I have found it useful to plot the current density on the Y axis vs. grams deposited per unit area on a log-log graph. The result is a straight line with a slope of -45 degrees. With this graph, if you know the minutes to deposit 0.001" at one current density, you can read the minutes required at any current density.
consultant - Cleveland Heights, Ohio
A. All good advice - except that you will only calculate the average thickness. More will deposit on edges and less in recesses.
To accurately know the thickness at any point it is necessary to measure it. To repeatedly achieve the thickness you must keep the jigging, current density, etc., constant.
If it was simple to predict the thickness accurately, platers would not spend vast sums of money on kit like x-ray fluorescence spectrophotometers.
P.S. Lyle's graph will only be 45 degrees if you choose the right scale.
Geoff Smith
Hampshire, England
Q. I am a plating engineer for 10 months. We are using this formula:
thickness in microns =.22 * current density * plating time.
I calculate the theoretical thickness -- but what does the factor .22 mean? No one knows in my company. Please explain me that.
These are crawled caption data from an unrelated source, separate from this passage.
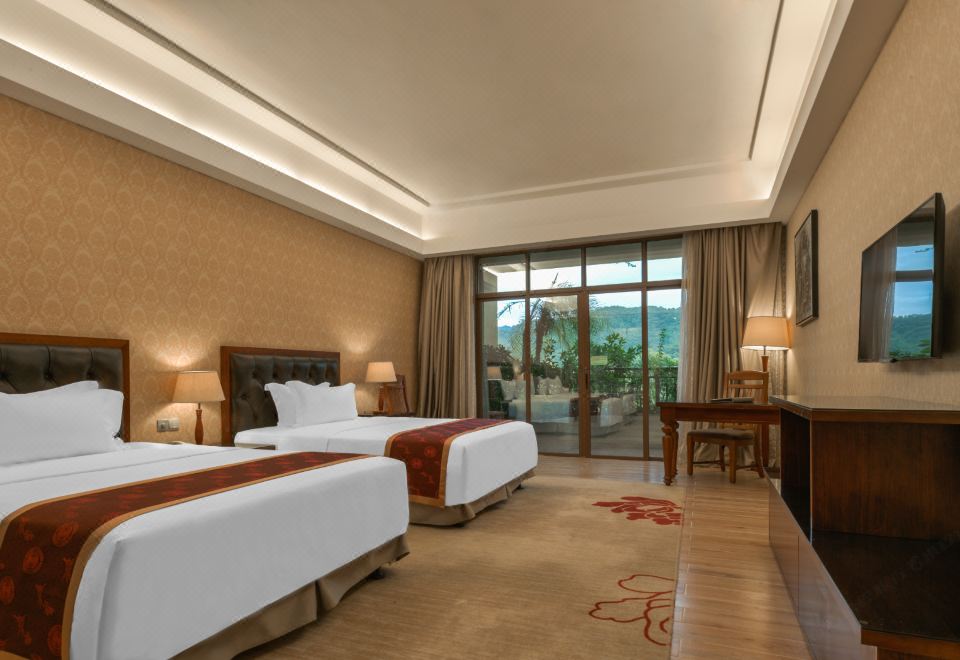 山景泡池双床房-认证珍稀温泉水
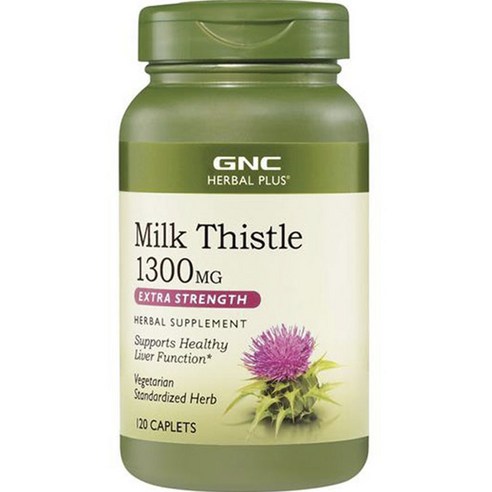 GNC 밀크시슬 1300mg 캐플렛, 120개, 1개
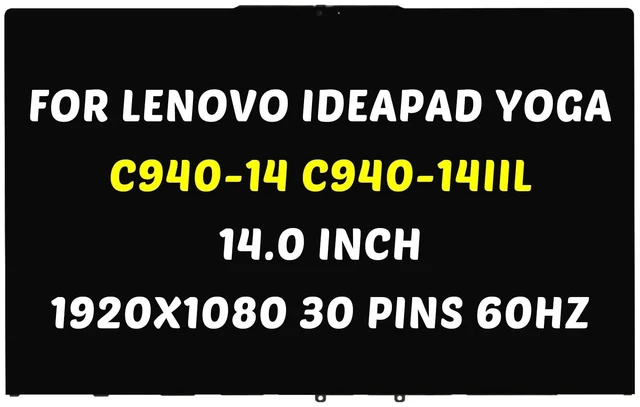 Main image of for Lenovo Ideapad Yoga C940-14IIL Touch Screen Replacement Assembly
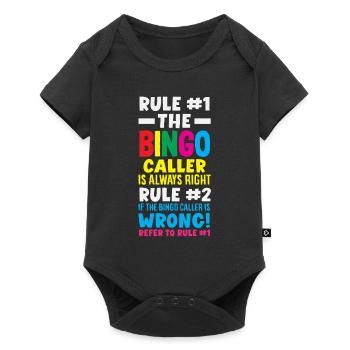 Bingo Announcer Always Has Right Design - Baby Premium short-sleeve bodysuit - black - Front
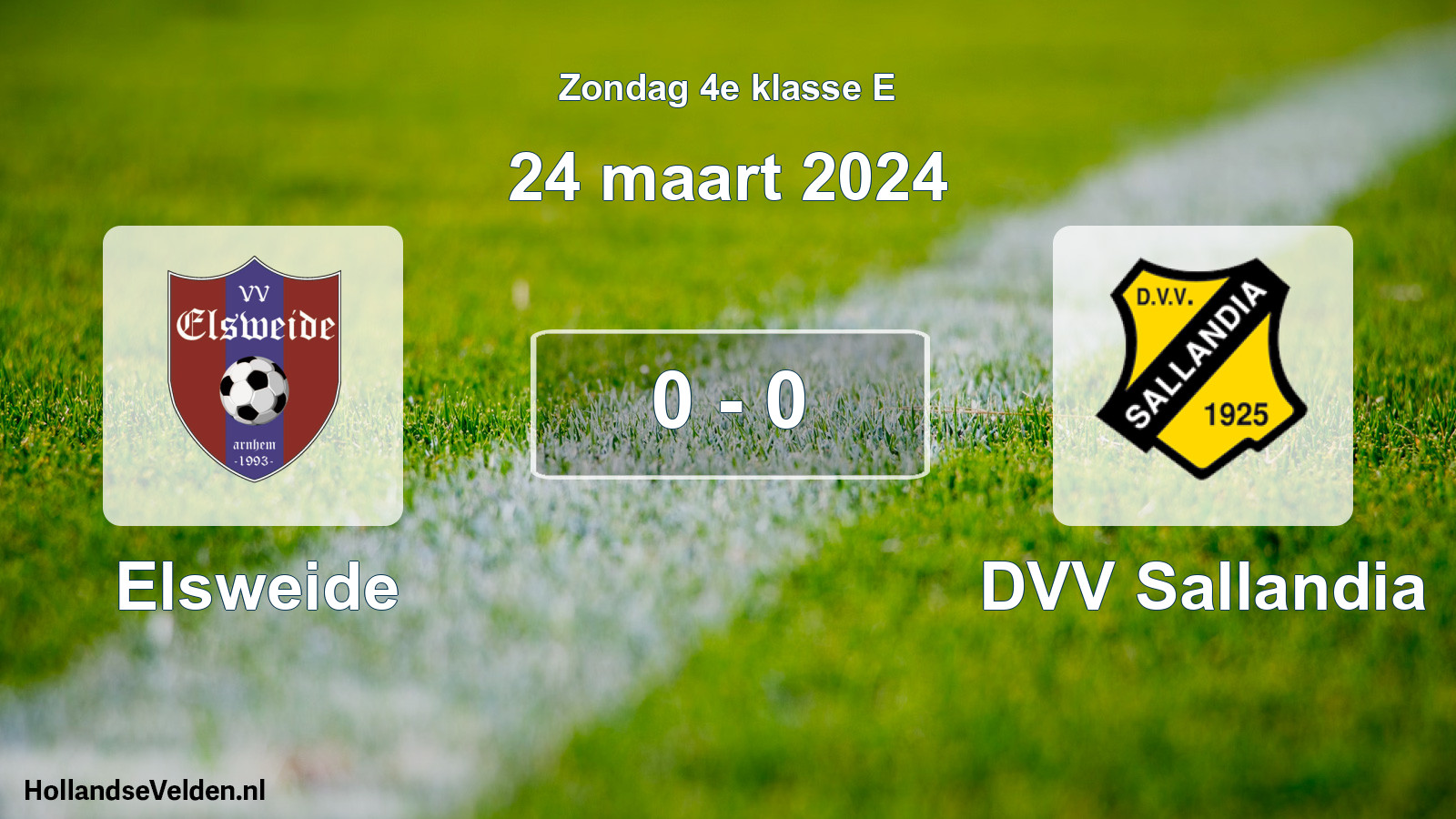 Total number of matches played: Elsweide - DVV Sallandia 0 - 0 (24 March 2024)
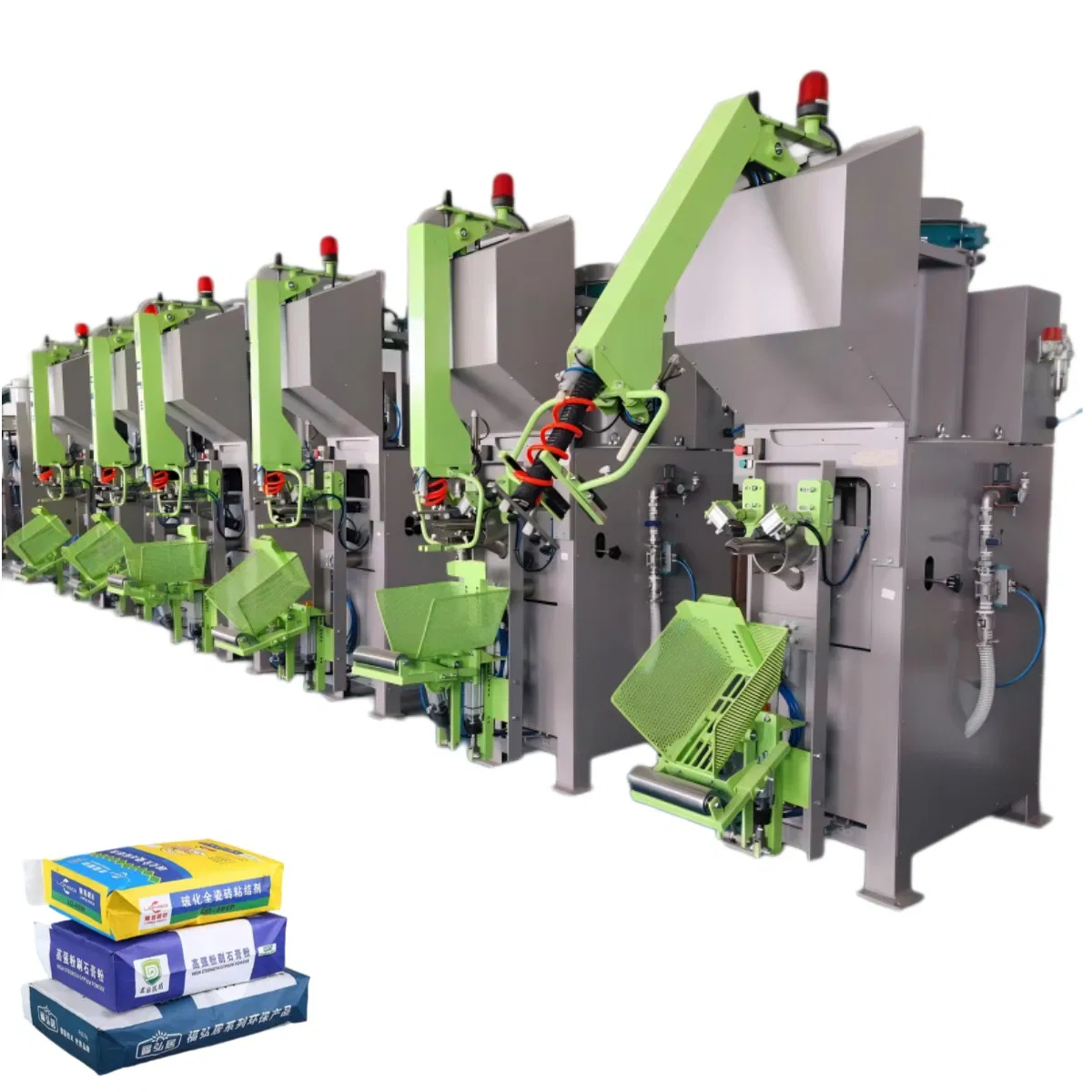 Automated 50pound Powder Metering Packing Systems with Ultrasonic Sealing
- Chennai, TAMIL nadu and India
April 7, 2018
A. Hi Mouli. Please tell us what metal or exact alloy you are electrodepositing, and what units you are expressing current density and time in, and then we can show you the whole derivation. Your factor starts with the Faraday constant of 96485 from Faraday's Law, and then conversion factors involving valence, atomic weight, and density (and maybe 'efficiency') are combined produce the 0.22 figure.
Regards,
Ted Mooney, P.E. RET
Striving to live Aloha
finishing.com - Pine Beach, New Jersey
Q. My name is mouli. Plating time unit is minute and current density is a/sq.dm
mouli ravi [returning]- Chennai, tamil nadu, India
A. Welcome back Mouli. If you read the page about Faraday's Law, even if you don't fully understand it, you will realize why your estimate of
"Thickness of plating in microns = 0.22 * A/sq/dm * minutes of plating time"
can only apply to one particular metal or alloy and is not valid for any other metal. That's why we need to know what metal you have been using it for before we can explain its derivation with numbers.
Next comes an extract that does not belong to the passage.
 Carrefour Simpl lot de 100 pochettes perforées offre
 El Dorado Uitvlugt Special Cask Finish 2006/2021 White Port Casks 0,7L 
But for zinc, for example, with its atomic weight of 65.38 and its valance is 2, a Faraday of electricity will deposit
65.38/2 = 32.69 grams of zinc
But 1 amp x 60 seconds is only 60/96485 Faradays, so it will deposit 60/96485 x 32.69 = .02033 grams of zinc
The density of zinc is about 7.14 grams/cu.cm, or 7140 grams/cu.dm, so 1 amp-min deposits about 0.2033/7140 = .00000285 cu.dm of zinc
So, if the area plated is a square decimeter, the thickness plated is .00000285 dm or .285 microns
So for zinc plating at 100% efficiency the formula would be:
"Thickness of plating in microns = 0.285 * A/sq/dm * minutes of plating time"
We might estimate the efficiency of alkaline zinc plating at 77%, and therefore multiply the 0.285 x .77 and arrive at
"Thickness of plating in microns = 0.22 * A/sq/dm * minutes of plating time" :-)
However, I'm sure you can see that "0.22 is the answer, what is the question?" isn't really valid :-)
Regards,
Ted Mooney, P.E. RET
Striving to live Aloha
finishing.com - Pine Beach, New Jersey
Q. Thank you for the reply. I understand sir. I have one more doubt: in electroless copper plating, as per electrode potential, palladium (+2) = + 1.9 copper = +0.34. Copper will be ion state, but we are using palladium as catalyst? mouli ravi [returning] - Chennai,tamil nadu, India
Hi again Mouli. Please 'Search the Site' for "electroless copper palladium", being careful to spell them right. We have 60,000 threads here, with more than a dozen threads on that subject. Sorry, but if the threads wander off wherever stream-of-consciousness takes us, no one can find any answers; plus Google strongly penalizes us for randomness & repetitiveness, and people will be unable to ever even see this thread :-(
If you still have the question, after spending a little time on those threads, please post it on one of them. Good luck. Regards, Ted Mooney, P.E. RET Striving to live Aloha finishing.com - Pine Beach, New Jersey |
Q. Hi, we are doing Matte Tin Plating on Brass base material with Copper as undercoat.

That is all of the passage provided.